Interested in knowing about Chinese music instruments? Find out as we explore the various instruments used in China through the course of history.
Music has been an integral part of the Chinese culture since the very beginning. Chinese musicians were highly skilled and developed highly complex forms of music using many different instruments. Along with the scales and composing of Chinese music one of the things that give Chinese music its distinct sound is the range of instruments that they used. Some of the most popular musical instruments used by the Chinese are as follows.
Plucked String Instruments
The range of plucked strings instruments had many variations of the lute.
1. The Pipa: This is perhaps the most popular of stringed instruments to have originated from China. It had a pear shaped body with thirty frets and four strings. This instrument was developed more than 2000 years ago and is considered to be a very expressive musical instrument.
2. The Liuqin: In terms of its appearance the liuqin looks like a down sized version of the Pipa whereas it sounds quite similar to the mandolin. This instrument was most popularly used in opera performances and folk songs.
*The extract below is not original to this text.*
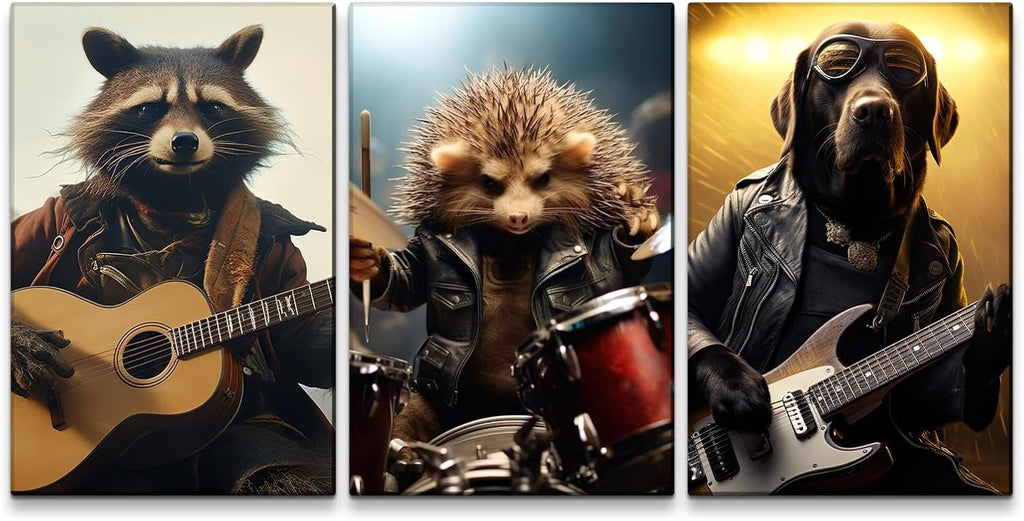 YONICA 3 Panel Animal Band Canvas Wall Art for Home Music Decor - Funny Animals Playing Musical Instruments Modern Cool Wall Picture Print On Canvas HD Giclee Artwork Ready to Hang - 24'x32'x3 Panels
3. The Sanxian: This was a three stringed fretless instrument with a long neck. It was made using a wooden box that was covered with snake skin. It was played using a plectrum.
4. The Ruan: The body of the Ruan was shaped like a crescent and featured four strings on its long neck. It was developed during the Qin dynasty.
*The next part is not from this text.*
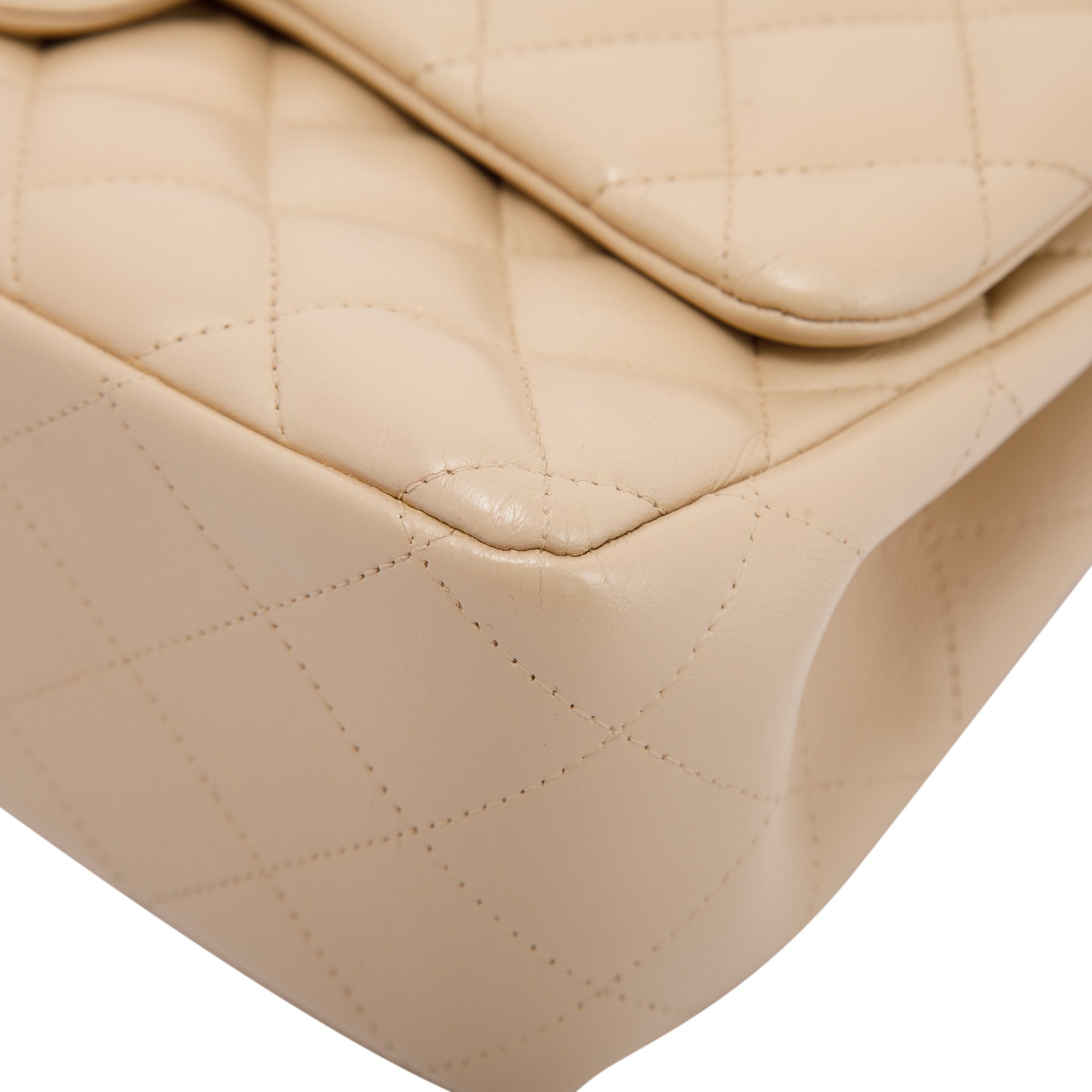 Chanel Beige Lambskin Classic Jumbo Double Flap Bag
5. The Yueqin: This was an instrument quite similar to the Ruan with the only difference being that it had a much smaller neck which generated a slightly different sound.
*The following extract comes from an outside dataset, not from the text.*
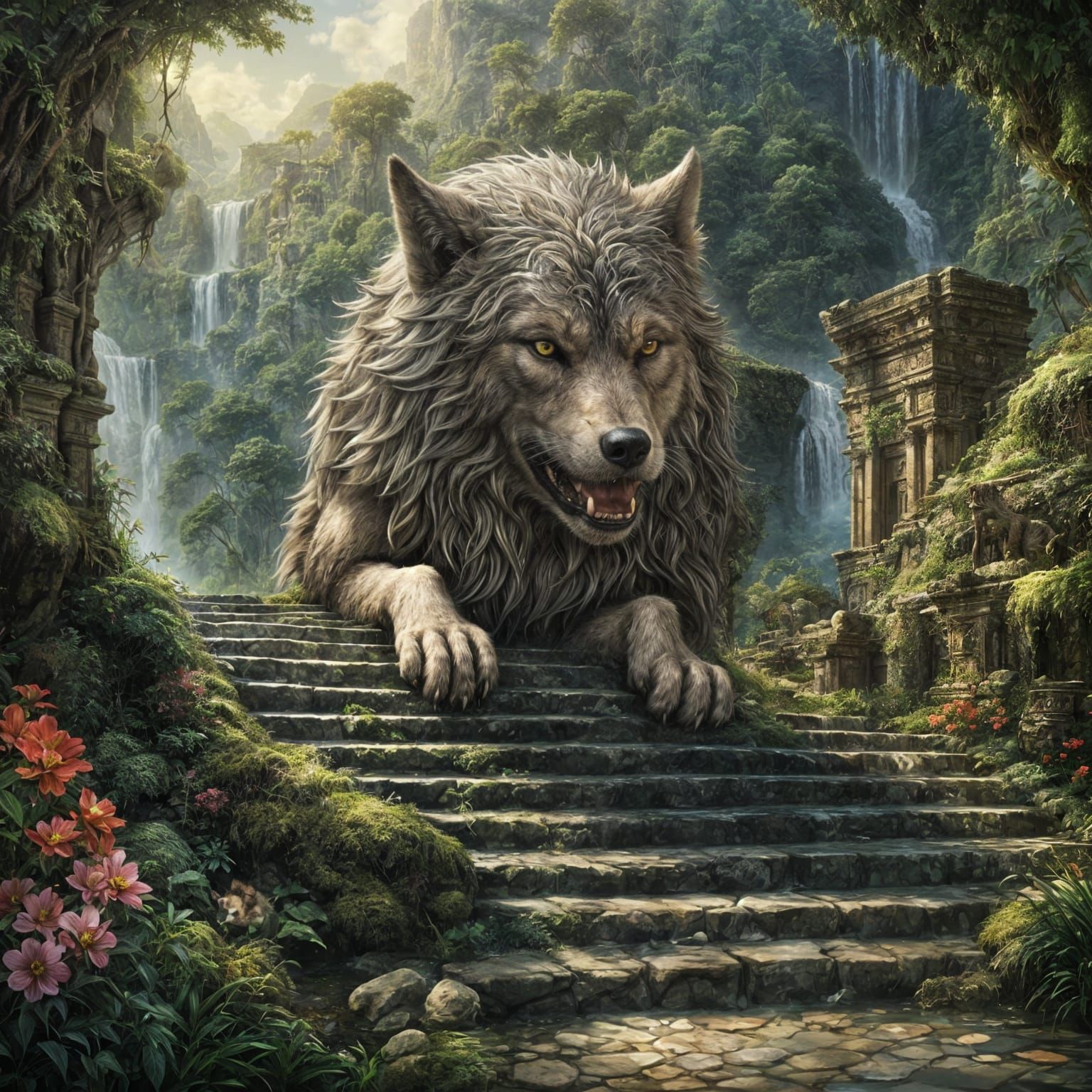 Colossal Wolf Emerges from Jungle Mountain Temple Ruins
There was another family of stringed instruments that was slightly different than the above mentioned variations of the lute. This was known as the zither family and had its own variations.
1. The Guqin: This was a special zither that had seven strings and no bridges. It was developed more than 3000 years ago which is what makes it the most classical Chinese instrument.
2. The Zheng: This instrument was a unique innovation with movable bridges. The complicated instrument could be played using 16 to 25 strings.
The third family of stringed instruments included variations of the harp
1. The Konghou: This instrument is considered to be one of the oldest ones to have developed in China. In terms of its structure the Konghou was quite similar to the harp as we know it with the difference being that the spanning of the strings was more like the guzheng.
The library of Chinese instruments also included bowed string instruments such as the variations of the huqin family.
1. The Erhu: This was a simple two stringed fiddle yet one of the most popular instruments of China.
2. The Zhong Hu: This particular instrument bears likeliness to the modern day viola. It was developed on the model of the erhu and had a middle pitched sound.
3. The Jing Hu: This instrument was a two stringed fiddle popularly used as an accompaniment in the Beijing Opera.
The Chinese also developed a very unique stringed instrument known as the Yangqin. This instrument had a square shaped soundboard and in many ways resembled the modern say Satur and was played using two bamboo sticks.